Zu den bescheuertsten Problemstellungen dieses Jahrzehnts gehört sicherlich nach dem Erforschen, wer denn Germanias next Topmodel oder sein Superstar werden wird, die Frage, ob denn der Islam zu Deutschland gehöre. Und aufgeklärt liberal und glaubenstolerant tönt es dann in unterschiedlichen Formulierungen, er sei »Teil Deutschlands und Europas« (Schäuble), er »gehört zu Deutschland« (Ex-Bundespräsident Christian Wulff) oder etwas verquerer der aktuelle Bundespräsident, der als evangelischer Ex-Pastor das mit der anderen Religion etwas zurückhaltender ausdrückt: »Muslime, die hier leben, gehören zu Deutschland.« Aua, so eine Aussage tut ja fast weh.
Dass in einer aufgeklärten westlichen Gesellschaft des 21. Jahrhunderts die Legitimität staatlicher oder nationaler Zugehörigkeit an das jeweilige Glaubensbekenntnis gebunden wird, ist grotesk und führt in seiner Konsequenz genau zu solchen gefährlichen Verirrungen der AfD, die in ihrem Programmentwurf den Islam für unvereinbar mit dem Grundgesetz erklärt. Nun müsste ja konsequenterweise nahezu jede Religion, insbesondere die monotheistischen – allen voran die jüdische, christliche und die islamische, für eigentlich verfassungswidrig erklärt werden. Machen sie sich doch in ihrer Glaubens- und damit ja eigentlichen Lebensentscheidung von einem Alleinherrscher abhängig. Der weder gewählt noch abgewählt werden kann, ja der (natürlich mal wieder ein »der«) auch noch auf immer und ewig sein absolutistisches Amt innehat. Und der seine irdischen Anhänger Bücher schreiben lässt, die in unterschiedlich strenger Auslegung alles andere als freiheitlich-demokratische Werte vermitteln. Im Gegenteil: Intoleranz gegenüber Andersgläubigen, Frauenunterdrückung, Schwulenfeindlichkeit sind bestimmende Bestandteile dieser Werke. Und tatsächlich gibt es in jeder dieser drei monotheistischen Religionen Bekloppte, die das vor Jahrhunderten, ja Jahrtausenden geschrieben Zeugs wortwörlich nehmen.

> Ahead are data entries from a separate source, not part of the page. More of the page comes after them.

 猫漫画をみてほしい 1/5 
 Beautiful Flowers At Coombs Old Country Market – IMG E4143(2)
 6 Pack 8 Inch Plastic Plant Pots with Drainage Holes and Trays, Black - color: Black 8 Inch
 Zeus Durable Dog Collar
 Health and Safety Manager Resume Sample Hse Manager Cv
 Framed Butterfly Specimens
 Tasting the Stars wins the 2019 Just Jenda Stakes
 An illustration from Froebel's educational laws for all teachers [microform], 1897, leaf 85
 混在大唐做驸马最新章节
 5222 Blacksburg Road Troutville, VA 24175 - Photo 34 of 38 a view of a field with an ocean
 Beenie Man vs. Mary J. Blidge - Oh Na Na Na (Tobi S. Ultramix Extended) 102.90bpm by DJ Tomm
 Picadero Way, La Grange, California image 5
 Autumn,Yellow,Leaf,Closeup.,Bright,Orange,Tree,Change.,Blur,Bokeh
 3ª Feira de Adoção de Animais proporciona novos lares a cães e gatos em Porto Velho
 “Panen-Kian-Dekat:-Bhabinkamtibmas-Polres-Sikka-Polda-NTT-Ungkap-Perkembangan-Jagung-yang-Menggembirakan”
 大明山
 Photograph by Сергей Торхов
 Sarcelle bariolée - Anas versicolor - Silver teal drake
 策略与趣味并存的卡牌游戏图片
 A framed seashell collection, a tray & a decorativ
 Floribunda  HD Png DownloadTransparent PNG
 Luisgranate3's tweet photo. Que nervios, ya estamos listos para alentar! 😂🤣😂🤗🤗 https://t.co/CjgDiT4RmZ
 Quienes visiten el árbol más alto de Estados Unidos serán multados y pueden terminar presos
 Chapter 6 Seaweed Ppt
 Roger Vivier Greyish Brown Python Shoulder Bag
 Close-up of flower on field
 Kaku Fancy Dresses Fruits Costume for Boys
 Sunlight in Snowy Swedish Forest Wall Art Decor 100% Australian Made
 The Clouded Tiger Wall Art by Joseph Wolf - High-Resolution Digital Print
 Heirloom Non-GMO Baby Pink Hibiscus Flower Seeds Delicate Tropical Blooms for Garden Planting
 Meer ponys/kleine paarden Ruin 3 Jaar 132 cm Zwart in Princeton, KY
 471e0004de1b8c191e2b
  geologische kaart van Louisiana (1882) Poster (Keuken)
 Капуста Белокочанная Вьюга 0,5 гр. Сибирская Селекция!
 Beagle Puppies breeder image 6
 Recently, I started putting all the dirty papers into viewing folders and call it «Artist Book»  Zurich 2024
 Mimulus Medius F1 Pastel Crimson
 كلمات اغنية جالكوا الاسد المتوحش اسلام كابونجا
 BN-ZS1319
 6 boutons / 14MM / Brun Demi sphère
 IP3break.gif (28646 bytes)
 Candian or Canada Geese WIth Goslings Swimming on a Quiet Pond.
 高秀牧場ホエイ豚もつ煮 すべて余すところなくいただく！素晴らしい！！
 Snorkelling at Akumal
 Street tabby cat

Wäre alles nur halb so schlimm, kämen diese religiösen Auswüchse nicht Machtinteressen gelegen: Da ist ein Ted Cruz, der sich mit seinen radikalen Evangelikalen auf den Weg macht, »Führer der freien Welt« zu werden, gegen den ist ja Toupet-Trump ein Waisenknabe. Und da ist der Obertürke Erdogan, der Nationalismus und Religion so geschickt miteinander vermischt, dass jede Auseinandersetzung mit seiner Politik in den Augen gläubiger Moslems auch zur Auseinandersetzung mit dem Islam als türkischer Staatsidentität uminterpretiert wird. Die Islamfeindlichkeit der AfD spielt genau dieser Politik in die Hände. Religion braucht die Unabhängigkeit von der Politik, genauso wie Politik die Unabhängigkeit von der Religion braucht. Deswegen sollte auch keine Behörde eines anderen Staates hier auf Religionsgruppen einwirken können, wie es die türkische Religionsbehörde in Deutschland tut. Muslime sind keine Volksgruppe, keine Ethnie, sondern Angehörige einer Religion wie die Christen, Juden, Buddhisten und was es sonst noch in allen möglichen Glaubensvariationen gibt.
Gehört Yoga zu Deutschland? Eigentlich nicht, es ist ja schließlich von irgendwoher eingeschleppt worden, aber jeder und jede darf’s tun, wie er/sie es will. Gehört das Christentum zu Deutschland? Hm … ist ja auch aus fernen Gegenden eingeschleppt worden und hat unserem Wotan, der Edda und dem Thor den Garaus gemacht. Aber wem’s gefällt. Hauptsache, die Kirchenglocken und Muezzine halten sich an die Lärmschutzauflagen.